The unintended consequence of these ground breaking theories was a rush of scientists to the Galapagos Island all wishing to confirm and build upon Darwin’s discovery here.  Like Darwin, many loaded their ships with endemic animals and plants bringing many to extinct or the brink of, ironically in the name of conservation.

Our final snorkel at Devil’s Hole brought us some close encounters.  We saw our first spiny lobster trying to hide among the coral.  Similar in size and shape to the one’s in the Caribbean, it was filled with blues and reds and not well camouflaged.  He did however show the same protective instinct when I got up close, burying himself further from view in his cavern.
Dee spotted a sea turtle slowly meandering our way.  We gave careful chase rising over a reef to find ourselves in the middle of 8 – 10 white-tipped reef sharks surrounded by our entire wide-eyed group.  It was incredible, mesmerizing, not to mention eerie as they gracefully circled each other in a hypnotizing dance.
White Tip Shark

Finally deciding to break away we continued along the rocky wall swimming past numerous schools of fish completely unique from other islands.  ¼ of the Galapagos fishes are endemic and the great distances between seem to insure the species stay intact.  
Golden Rays

Today’s greatest threat to Galapagos seems to be humans.  Introduced species such as dogs, cats, goats, and pigs ran roughshod on the local wildlife from the middle of 18th century as settlers tried in vain to make a go of it on these harsh islands before leaving them behind when they hastily left the island.  Much of the 20th century conservation efforts have been attempting to eradicate these feral animals.

In 1959 the Galapagos open the Charles Darwin research centre on the main island of Santa Cruz with the expressed goal of protecting the island fragile eco-system.  Training naturalist, carefully monitoring tourist interaction, and carefully reintroducing endemic species have been stated goals.  While we found them greatly successful with all three goals, we couldn’t help but feel our ecological footprint as when we arrived by plane and while our diesel powered yachts rolled along the water. The islands and surrounding waters are now a UNESCO biosphere that insures the conservation effort will continue into the foreseeable future along with the many dollars needed to fund it.

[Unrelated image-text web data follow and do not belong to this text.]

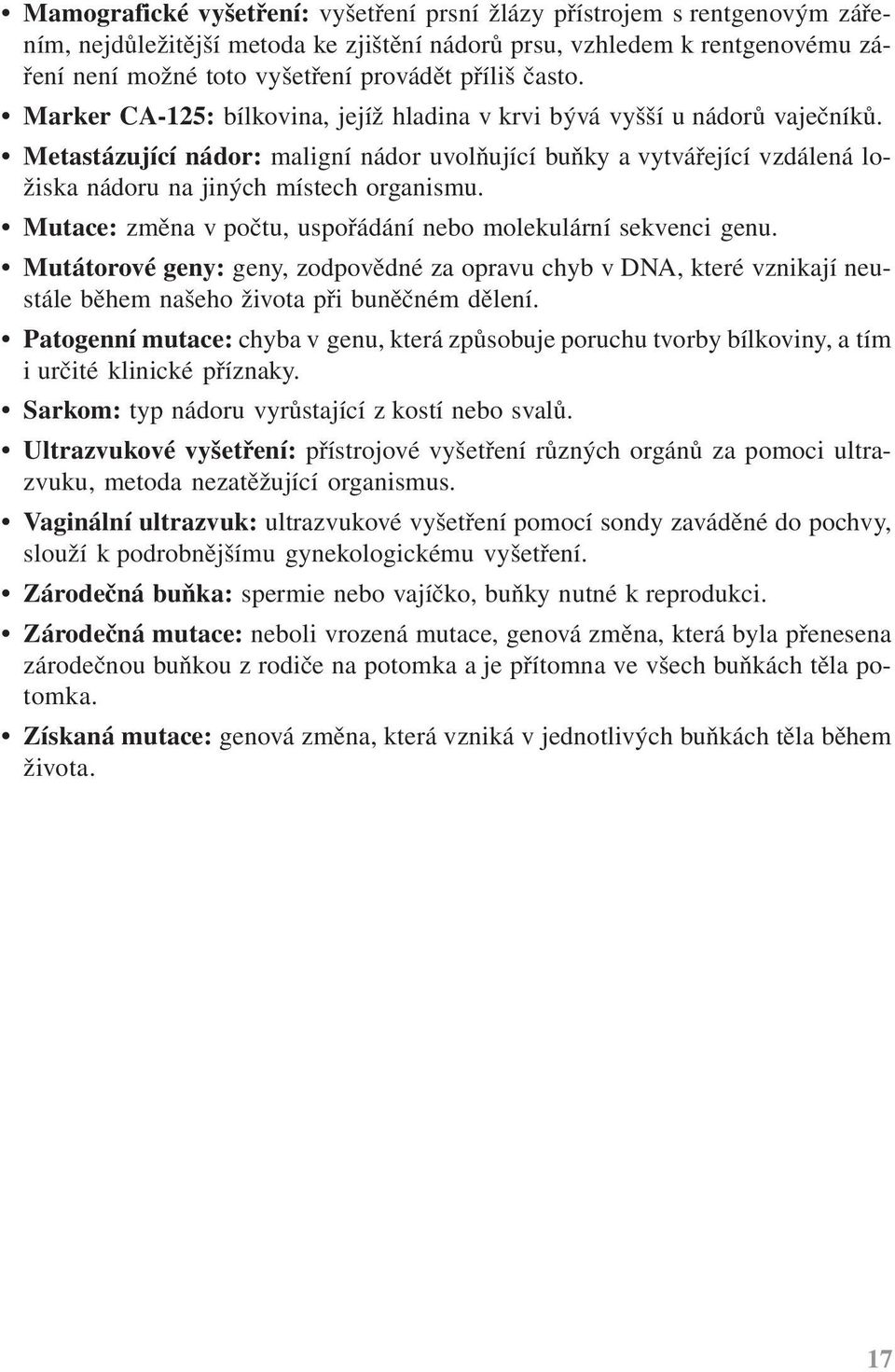 Metastázující nádor: maligní nádor uvolňující buňky a vytvářející vzdálená ložiska nádoru na jiných místech organismu. Mutace: změna v počtu, uspořádání nebo molekulární sekvenci genu.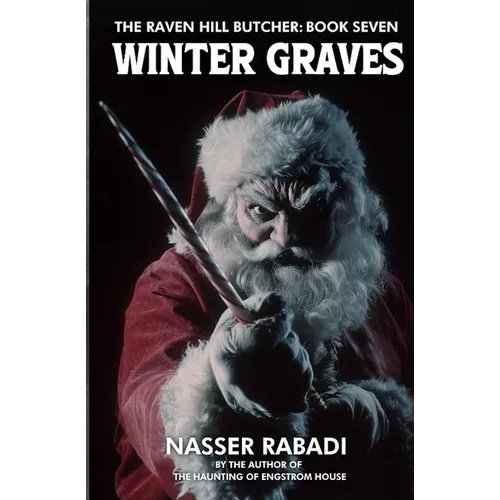 Winter Graves: A Slasher Horror Novel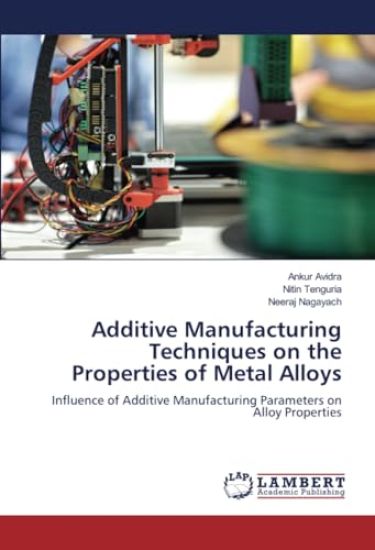 Additive Manufacturing Techniques on the Properties of Metal Alloys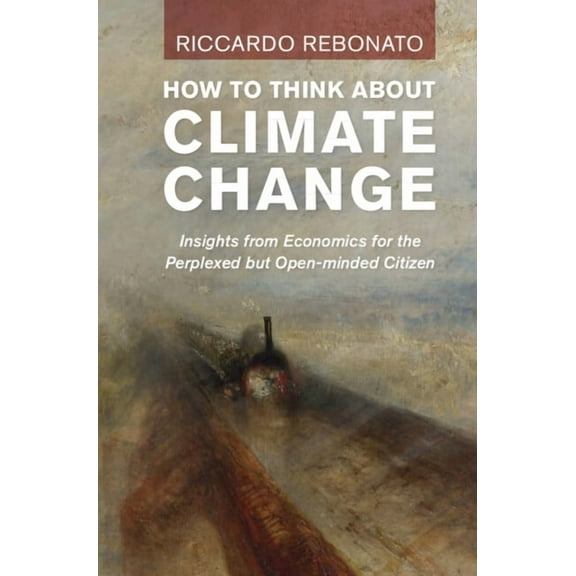 How to Think about Climate Change: Insights from Economics for the Perplexed But Open-Minded Citizen, (Hardcover)
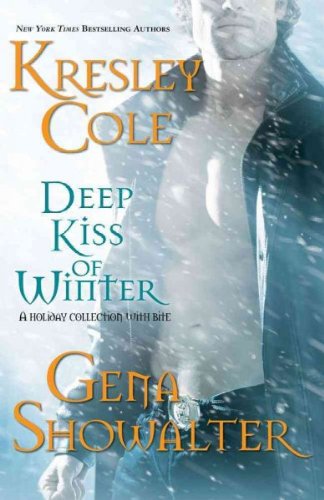 Deep Kiss of Winter[ DEEP KISS OF WINTER ] by Cole, Kresley (Author) Oct-13-09[ Hardcover ]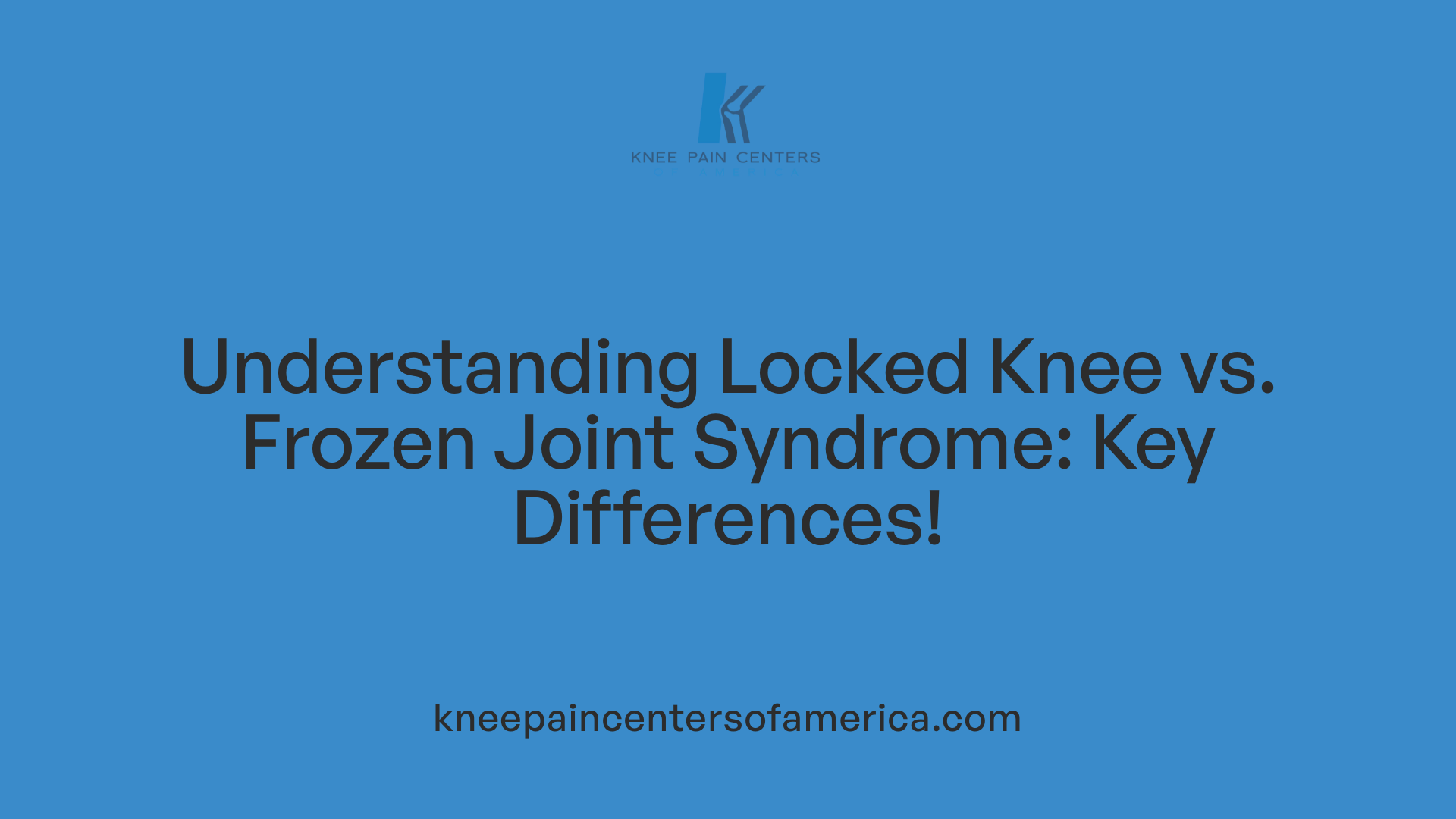 Understanding Locked Knee vs. Frozen Joint Syndrome: Key Differences!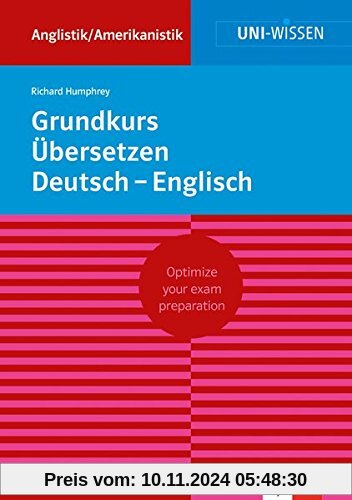 Grundkurs Übersetzen Deutsch-Englisch (Uni-Wissen Anglistik/Amerikanistik)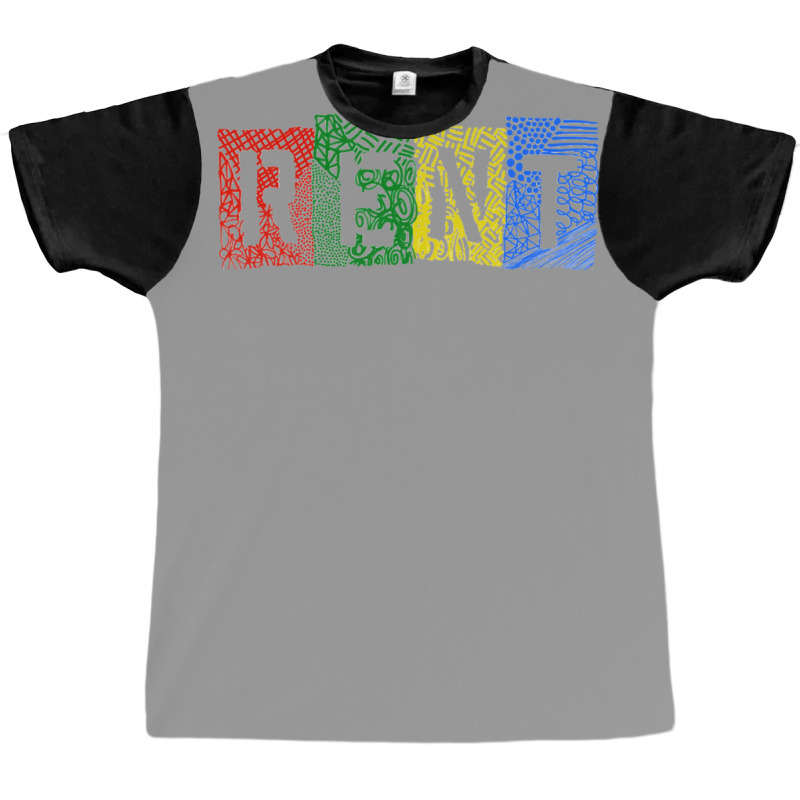 Rent The Musical Graphic T-shirt by fershbwelec | Artistshot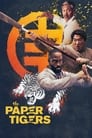 Смотреть «Бумажные тигры» онлайн фильм в хорошем качестве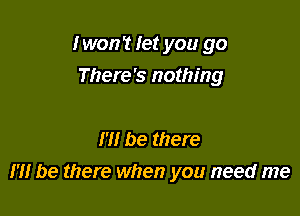 Iwon't let you go

There's nothing

m be there
17! be there when you need me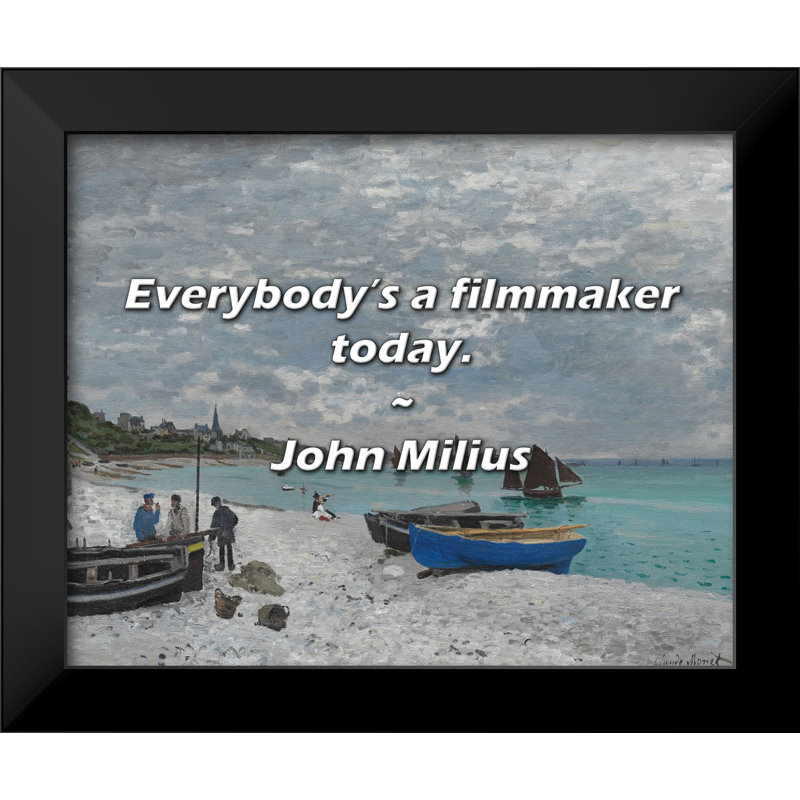 John Milius Quote: Everybody’s a filmmaker today.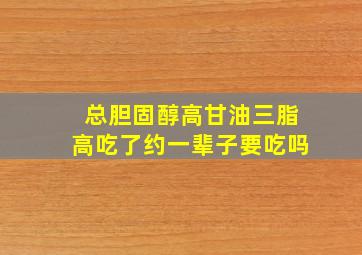 总胆固醇高甘油三脂高吃了约一辈子要吃吗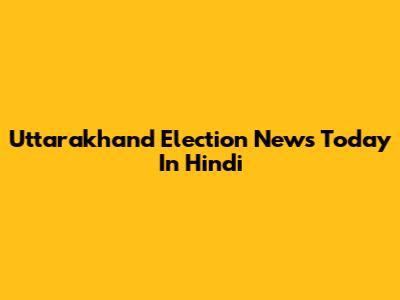 Uttarakhand Election News Today In Hindi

After a thorough exploration of Florena Island – seeing the Pacific’s oldest post office, beaches with white, brown, and even green sand beaches with waters filled with stingrays – we began the slow journey back to Santa Cruz.  It was a lovely afternoon.  After a morning filled with turtle and sea lion spotting while we motored to our last stop, there was little to interrupt our discussions and reflections on these breath-taking few days.